A person standing on the equator moves at approximately 1,670 kilometers per hour (1,040 miles per hour). The speed steadily decreases toward the poles, dropping to about 1,200 kilometers per hour at a mid-latitude city like New York. This difference in velocity is why space agencies prefer to launch rockets from sites closer to the equator, such as Cape Canaveral, to take advantage of the maximum initial eastward boost.

Speed Relative to the Sun

While the planet rotates, it is also engaged in a much faster orbital journey around the Sun. This revolution defines our year, as the Earth travels an elliptical path over 365 days. The average speed of the Earth in its orbit is approximately 107,000 kilometers per hour (67,000 miles per hour). The speed is not perfectly constant throughout the year because Earth’s orbit is an ellipse, not a perfect circle.

Earth moves slightly faster when it is closest to the Sun and slightly slower when it is farthest away. This immense orbital speed ensures that we travel roughly 940 million kilometers through space each year. This motion is a local speed, measured against the Sun, which itself is moving along with the rest of the solar system.

Our planet’s journey is a spiraling path, constantly looping around the Sun while the Sun carries us all forward.

Speed Relative to the Galactic Center

The Sun and its planetary system orbit the massive center of the Milky Way galaxy. Our solar system is located in one of the galaxy’s outer spiral arms, approximately 26,000 light-years from the center. This enormous orbit is the next major contribution to our total speed.

The Sun’s velocity around the galactic center is estimated to be about 230 kilometers per second, which translates to roughly 828,000 kilometers per hour (514,000 miles per hour). This motion is much harder to measure precisely than the Earth’s orbit, requiring observations of the relative motions of distant stars and gas clouds.

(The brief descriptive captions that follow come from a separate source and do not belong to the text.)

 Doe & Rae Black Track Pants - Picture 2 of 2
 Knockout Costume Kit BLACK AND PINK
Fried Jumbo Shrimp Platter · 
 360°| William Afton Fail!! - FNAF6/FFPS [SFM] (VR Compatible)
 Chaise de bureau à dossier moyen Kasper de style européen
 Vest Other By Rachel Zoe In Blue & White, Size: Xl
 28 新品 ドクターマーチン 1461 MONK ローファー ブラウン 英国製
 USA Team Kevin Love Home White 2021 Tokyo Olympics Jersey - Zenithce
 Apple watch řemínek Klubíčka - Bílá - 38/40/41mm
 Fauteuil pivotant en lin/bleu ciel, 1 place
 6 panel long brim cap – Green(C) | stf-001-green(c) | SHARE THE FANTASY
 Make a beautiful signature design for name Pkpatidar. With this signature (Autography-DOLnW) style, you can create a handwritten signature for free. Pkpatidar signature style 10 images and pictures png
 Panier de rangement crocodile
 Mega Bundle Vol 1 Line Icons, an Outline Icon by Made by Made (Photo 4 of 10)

Even at this extreme speed, the vast scale of the Milky Way means that one full revolution takes an immense amount of time. The Solar System requires approximately 225 to 250 million Earth years to complete a single lap around the galaxy. Astronomers refer to this period as a “cosmic year,” and the Sun has completed only about 20 of these orbits since its formation.

Speed Relative to the Cosmic Microwave Background

The fastest and most universally referenced measure of our motion is relative to the Cosmic Microwave Background (CMB), the faint radiation left over from the Big Bang. The CMB is often considered a universal frame of rest because it permeates all of space and provides a reference point for the entire universe. Scientists measure our speed against the CMB by observing a phenomenon called dipole anisotropy.

This anisotropy is a subtle, yet measurable, temperature difference in the CMB across the sky. The direction we are moving toward appears slightly “warmer” because the photons are blueshifted by our motion. Conversely, the opposite side appears slightly “cooler” as the photons are redshifted, which is essentially a Doppler effect on a cosmic scale.

By measuring the magnitude of this temperature difference, astronomers calculate the speed of our motion through the universe. The entire Local Group of galaxies, including the Milky Way, is moving at approximately 630 kilometers per second relative to the CMB. This velocity, roughly 2.2 million kilometers per hour (1.4 million miles per hour), is the cumulative result of gravitational pulls from massive structures in our cosmic neighborhood.